They've been well cared for and are active and playful. I may ask for two so nobody will get lonely. If they can't give me two, I will look for another one. When they've spent their lives with other birds, being alone would be hard on the poor little thing.
I'd been thinking about getting a bird for some time now. Then it struck me to go the rescue route. Even pet birds need homes sometimes.
So, I looked up the rescue place in Kansas. It's up near or in Kansas City. I pulled up the form for applying to adopt a bird. I decided this wasn't for me. They want too much personal information and sound intrusive.
First they want my driver's license number. No, I'm not giving them that. I'd show it to them, but they have NO need to have my DL number recorded. If they had a need to have my DL in order for me to adopt a small bird from them, that would be okay, but nope, there's no need. We had a relative have her identity stolen from forms she filled out while looking for an apartment. So, I don't give out that kind of info unless there is some compelling reason.
They also wanted our ages, like that is any of their business. How can my age make a difference in whether I can care for a bird or not? As long as I'm not a minor, then it shouldn't matter.
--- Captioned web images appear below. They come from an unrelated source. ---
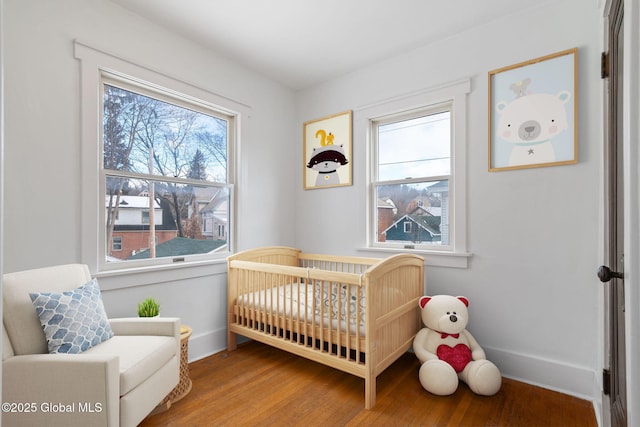 bedroom featuring a crib, baseboards, and wood finished floors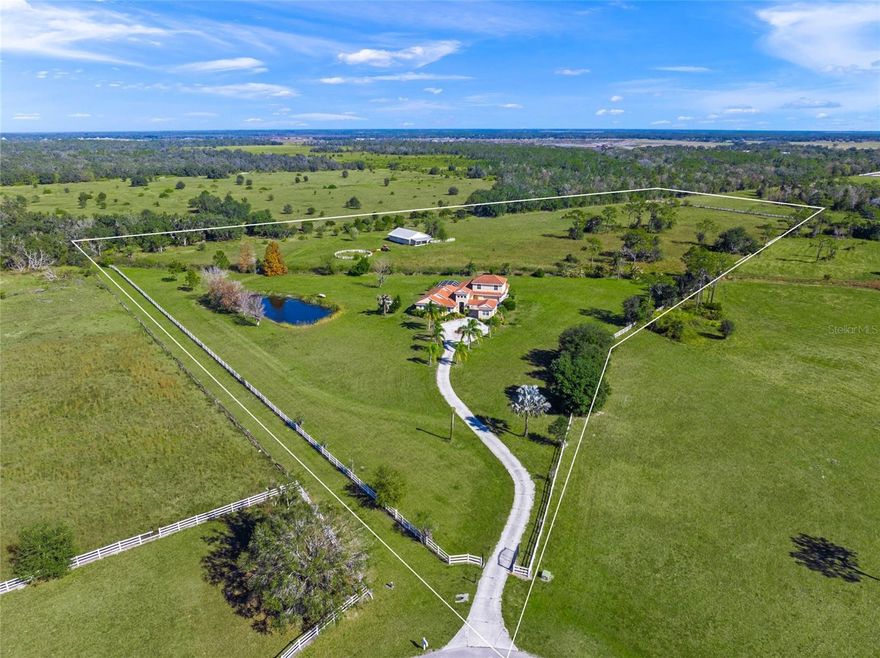 Don't miss this rare opportunity to own your one-of-a-kind 15+ acre estate in the exclusive Sarasota Ranch Club Community.  This Custom Maglich Builders Mediterranean-Style home with a detached two-stall (plus tack room) 1980 Sqft horse barn sits on 15+ fully-fenced acres.  The possibilities are endless for this rare find.  Travel down the winding gated driveway and circular parking pad and enter the home through a grand entry, showcasing beautiful bamboo floors, views of the office, living room, dining room and the saltwater pool and backyard retreat.  The gourmet kitchen offers granite countertops, built-in appliances and a second sink, perfect for a prep-station or versatile entertaining.  The primary bedroom is separated from the other 3 ground-floor bedrooms, providing plenty of space for a large family, houseful of guests, or just comfortable every-day living.  The large 5th bedroom is currently setup as an upstairs bonus room.  An attached two-car garage and a detached one-car garage (connected by porte-cochere) create a private courtyard, shielded from the street.  The backyard oasis features an outdoor kitchen, screen-enclosed saltwater pool, and a built-in brick circular firepit.  The detached 1980 Sqft barn has two horse stalls, tack or storage room, and an overhead door.  The space is perfect for horses or could be outfitted as a workshop or entertaining space.  Equine enthusiasts will love the round pen, private horse run-out paddock, and expansive enclosed green pastures.  The private bridle trail is easily accessible with an entrance on the Southeast corner of the property.           

Sarasota Ranch Club is an exclusive private gated equine community consisting of 60 pristine 10+acre tracts, totaling 620 acres.  The Club is nestled amongst century-old majestic oak hammocks, lush pastures, and an abundance of ponds and creeks. With miles of bridle paths and a variety of wildlife, both horse enthusiasts and nature lovers will revel in the serene country setting.

The Ranch Club is only 25 minutes from downtown Sarasota, and is even closer to I-75 , offering a comfortable commute to Tampa and St. Pete. Lakewood Ranch is a 5-minute drive away for your shopping and dining pleasure. The Gulf Coast's beautiful white sandy beaches, challenging golf courses, numerous marinas and cultural events are all within reach.

Don't miss this opportunity!  Schedule your private showing today!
Then they not only want to inspect your house to make sure it is suitable for you to take in their rescue bird, but they want you to sign to agree that they can make multiple inspection visits after you adopt the bird. What? No, that is intrusive. I welcome company, but not home inspections for goodness sake!
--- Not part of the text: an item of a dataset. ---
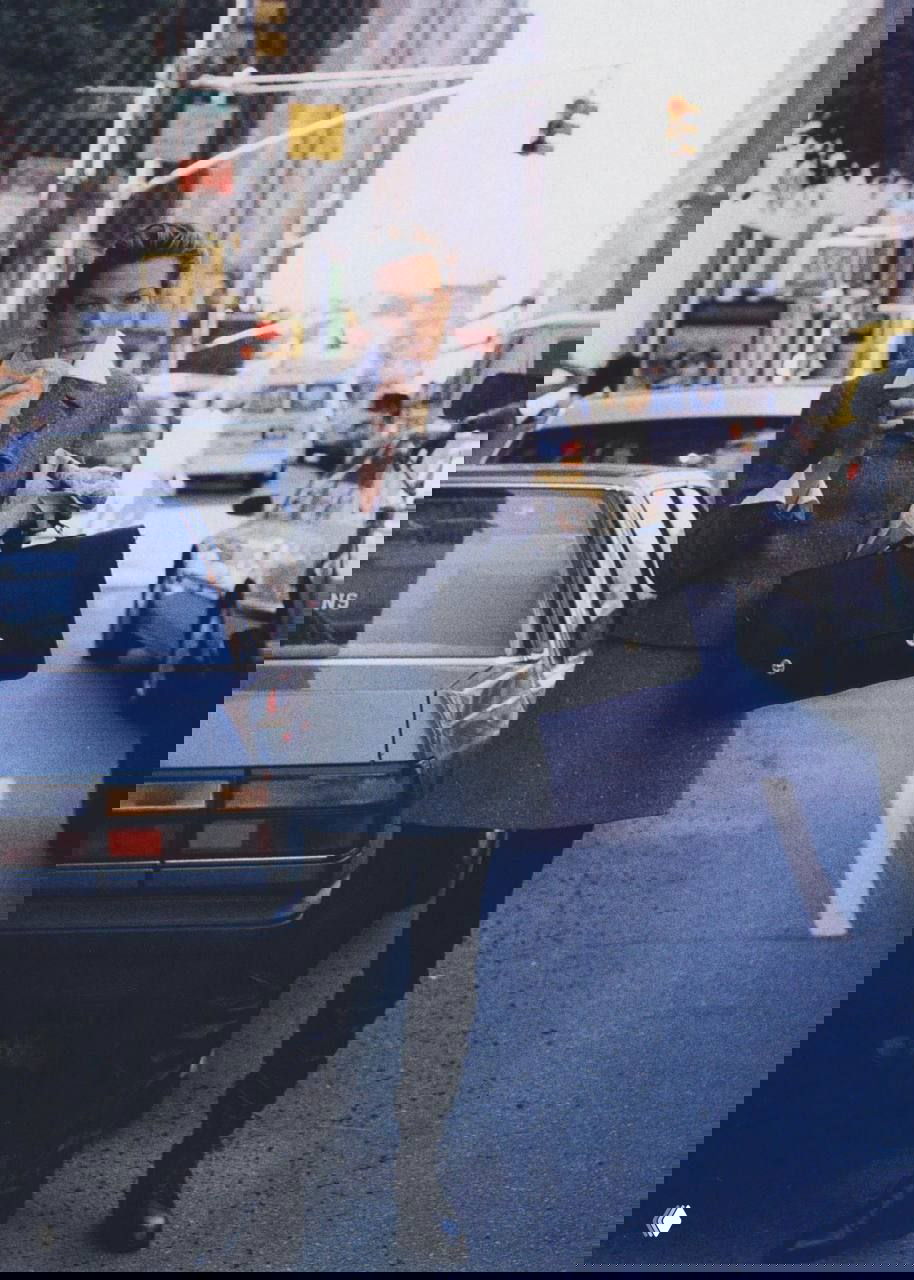 Модель в деловом жакете и мини-юбке держит кофе и портфель на оживлённой городской улице, рабочий городской образ 90-х.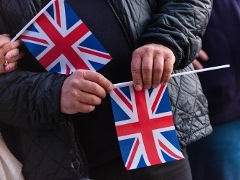 People holding Union Jack flags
THEN, as if that isn't already too much, they want you to agree to let them know if you can no longer care for the bird (like if you die) and they want to have the say on who gets your bird, or not. So, if your relative took in your pet bird, then the rescue place might want to inspect their home too.
Now, Larry and I are animal lovers and we'd be good to any pet we took in. But we are not willing to sign over those kinds of rights to people we don't even know, just to take in a bird in need.
It struck me as odd that here's a couple, us, who are good to their pets, who would be willing to take in a poor rescue bird, and they won't let us because we refuse to give them personal information they don't need, and refuse to let them do multiple inspection visits.
I wrote to them and told them that it goes both ways, that if I am to consider adopting a needy bird from them, I will need a tour of the facility where the birds are kept. I will want to see their credentials that make them qualified to do these rescues, and will want to know who their veterinarian is. Needless to say, they have not written back. Of course I don't DO that kind of thing, but felt that if they are going to make so many demands of prospective adoptive bird people, that it would be appropriate that we be just as vigilant.
I decided that if we're supposed to have another bird, one would show up, and here we are! I found one the parakeets quite by accident. If somehow it isn't available anymore by the time I get back over there, then I'll just wait. Another will show up, or it won't.